Como testigos de su sufrimiento quedaron desperdigadas las ajadas partituras, escritas en trozos de vendas, trapos o cualquier otro material que pudiesen utilizar para escribir. Las escondían en lugares donde los guardias no solían buscar, como bajo los suelos de cobertizos para herramientas o letrinas.

En las etapas iniciales del sistema de campos, el estilo dominante era la música amateur de los movimientos juveniles y obreros, y los músicos profesionales eran la excepción. Pero al crecer el número de deportaciones aumentó también el porcentaje de intelectuales, artistas y músicos profesionales procedentes de numerosos países. Es por ello que en la música creada es el seno del Holocausto tienen cabida las diferentes tradiciones musicales nacionales de los reclusos.

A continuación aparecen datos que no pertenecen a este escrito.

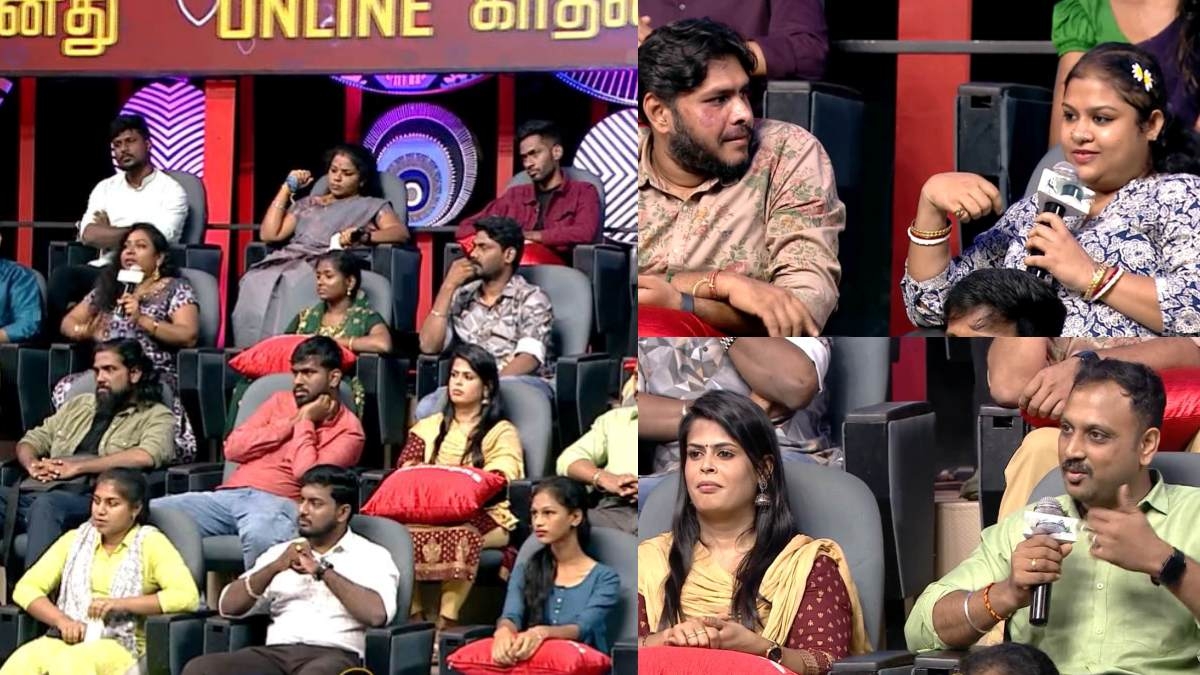 Neeya Naana Tamil New Year Special 2019 Neeya Naana :ஆன்லைன் காதல் இவ்வளவு அழகானதா.. நீயா நானா ஷோவில்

Dentro del sistema de guetos y campos de concentración y exterminio creado por el nazismo, existieron algunos casos en los que la vida cultural de los reclusos tuvo cierta cabida, aunque fuese solo con fines propagandísticos del régimen.  El ejemplo más claro fue el de Theresienstadt. Ante la creciente indignación de la comunidad internacional por las condiciones inhumanas en los centros de internamiento, los nazis permitieron que representantes de la Cruz Roja Danesa y la Cruz Roja Internacional visitaran el campo en junio de 1944. Se gestó entonces una de las mayores operaciones propagandísticas del nazismo. El campo se embelleció hasta el punto de aparentar ser una ciudad normal. El día en que la comisión visitó Theresienstadt, los internos podían pasear libremente, los niños asistían a una escuela que nunca existió, y las familias se entretenían con los espectáculos musicales y teatrales compuestos por y para ellos.

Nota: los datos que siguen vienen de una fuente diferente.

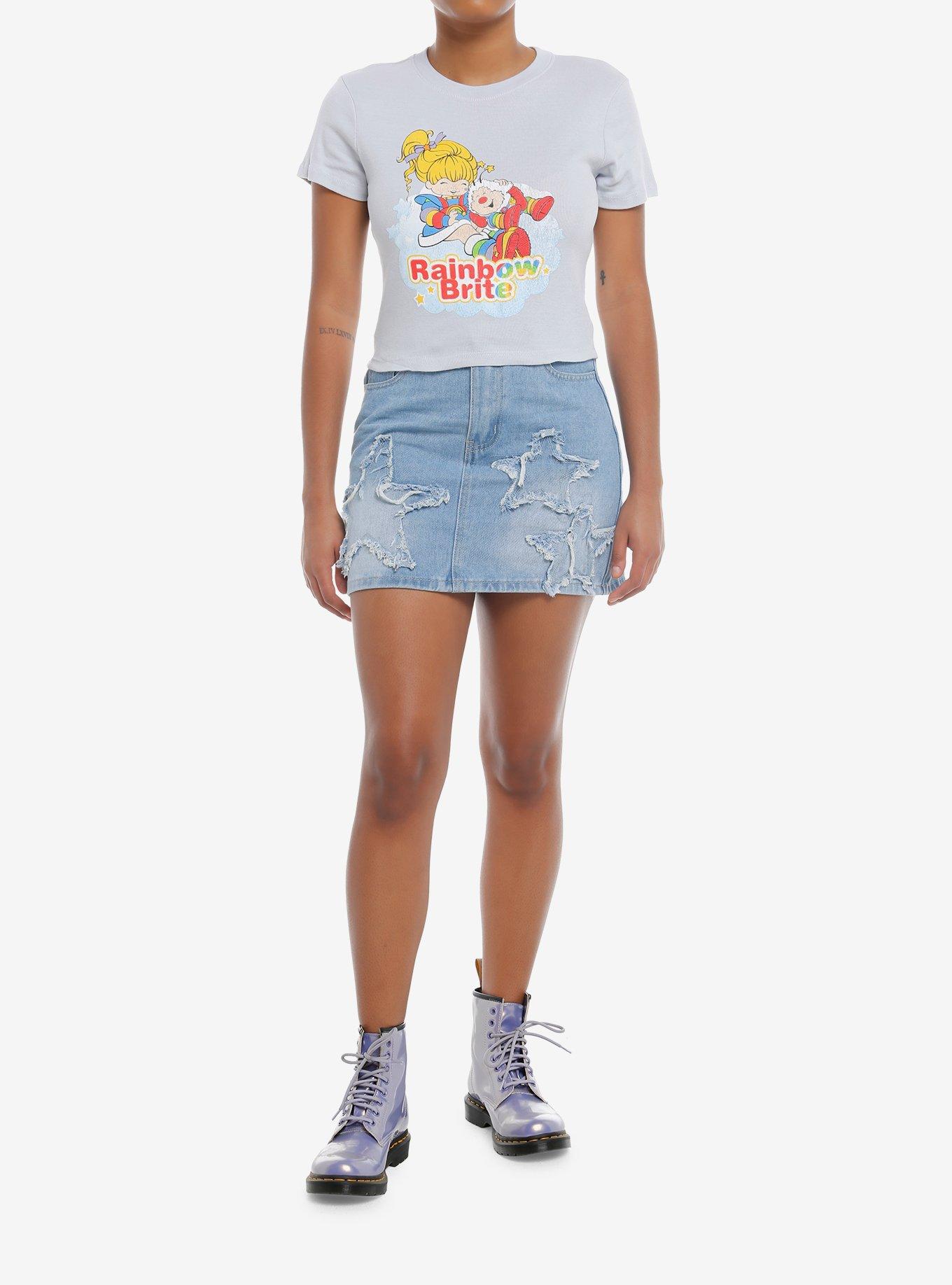 Rainbow Brite & Twink Girls Baby T-Shirt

Fue así como nació la ópera para niños Brundibár, de Hans Krása, o la ópera de Viktor Ullmann El emperador de la Atlántida o la muerte abdica, estrenada oficialmente en Ámsterdam en 1975, pues no llegaron a permitir su representación en el campo por considerar la figura del emperador un retrato satírico de Hitler. Su autor, uno de los más brillantes músicos de la época, fue asesinado en la cámara de gas poco después de componerla.

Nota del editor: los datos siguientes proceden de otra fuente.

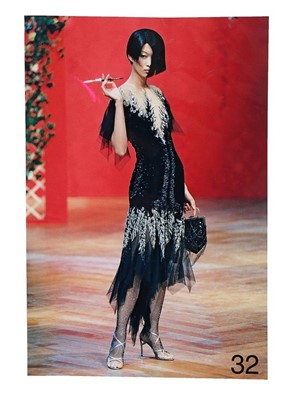 Lot 227 - A fine and rare Alexander McQueen for Givenchy...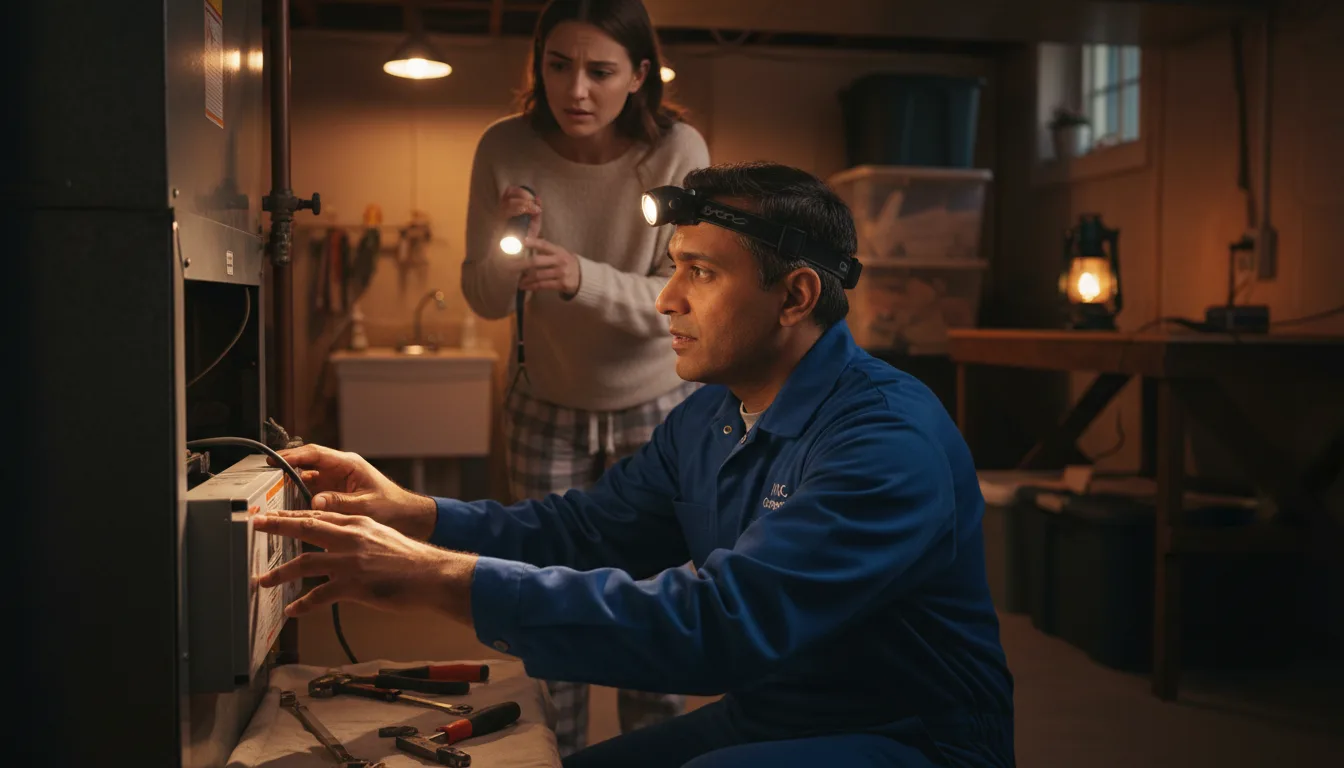Emergency HVAC Repair in Nisula, MI near me · HVAC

En la labor de recopilación de las piezas musicales que integran este espectáculo, ha sido fundamental la colaboración de Yad Vasehem (Museo de la Historia del Holocausto) y otras instituciones y museos, así como de Francesco Lotoro, profesor de música, compositor y pianista que ha dedicado casi 30 años de su vida a la búsqueda y recopilación de unas 8.000 piezas musicales compuestas en campos de concentración, de trabajo forzado y de prisioneros durante la Segunda Guerra Mundial. Durante su incansable búsqueda, recorrió cientos de librerías y archivos e incluso rescató las partituras de las propias ruinas de los campos.

Gracias a ellos, Begoña Hervás se hizo con los manuscritos de las canciones sobre los que trabajar: “Digitalicé las partituras, traduje los textos, busqué información sobre sus autores, las circunstancias que motivaron el que escribieran cada una de esas canciones, y las características particulares de los campos y guetos en las que fueron creadas”.

Sin embargo aún quedaba mucho trabajo por realizar. Las partituras tan sólo contenían la línea melódica. Era necesario encontrar un compositor con la capacidad y sensibilidad necesarias para realizar las armonizaciones y arreglos para piano. De esta parte del proyecto se ha encargado Arnold W. Collado, Presidente de Juventudes Musicales de Sevilla.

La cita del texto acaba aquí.